02-27-2017 01:17 PM - edited 02-27-2017 01:20 PM
I wish to clean up a file obtained by web extraction. It has a date attribute, and occasionally non-date values appear (specifically, they are text) so RapidMiner interprets this as a polynominal attribute. I wish to carry out cleansing steps to change non-date entries to missing so that I can then use the Nominal to Date operator - but I've failed... any help would be appreciated!
Solved! Go to Solution.
02-27-2017 01:24 PM
I guess Generate Attributes witch something like
if(matches(attribute,"regex for date"),attributes,str(0/0))
should do it. instead of str(0/0) you can also use the placeholder i always forget .
@Thomas_Ott : You are too fast
02-27-2017 01:31 PM
Hey! His question was blank when I responded!

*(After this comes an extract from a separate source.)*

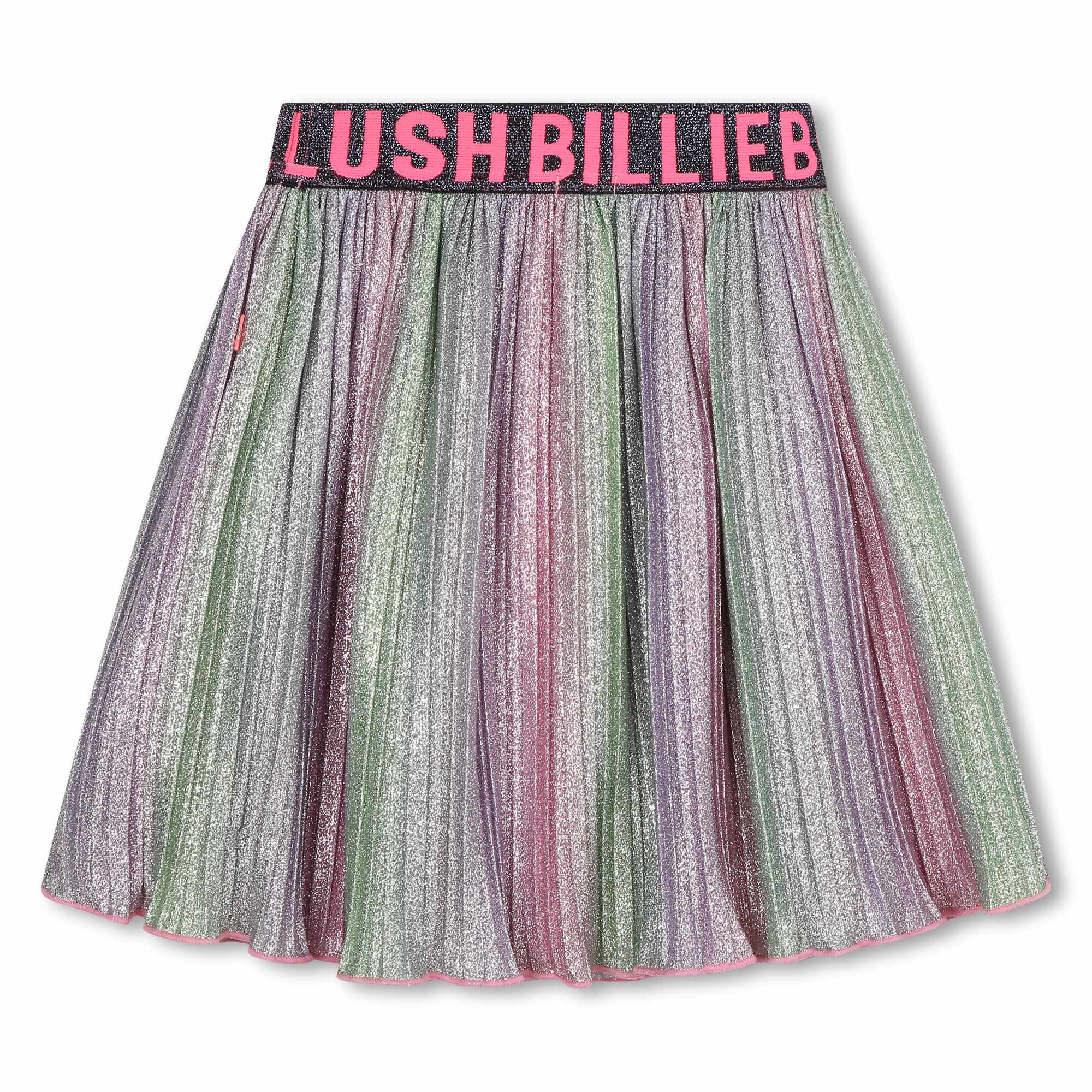 Multicolor Metallic Pleated Skirt kids atelier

Yes, RM will automatically assign mixed value types as polynomimal because it doesn't know if it's intentional or the data has mistakes. The best bet is to extract out those string values like what Martin proposes. Then you can use a Nominal to Date operator to convert the dates in string format back to an actual date-time data format.
03-02-2017 05:16 AM
Many thanks Martin
I was trying to convert items within the attribute but your approach of creating a new attribute containing just the items that fit a regex expression for a date solves it. And there are lots of expressions for that on the web - thankfully... I wouldn't want to do that myself!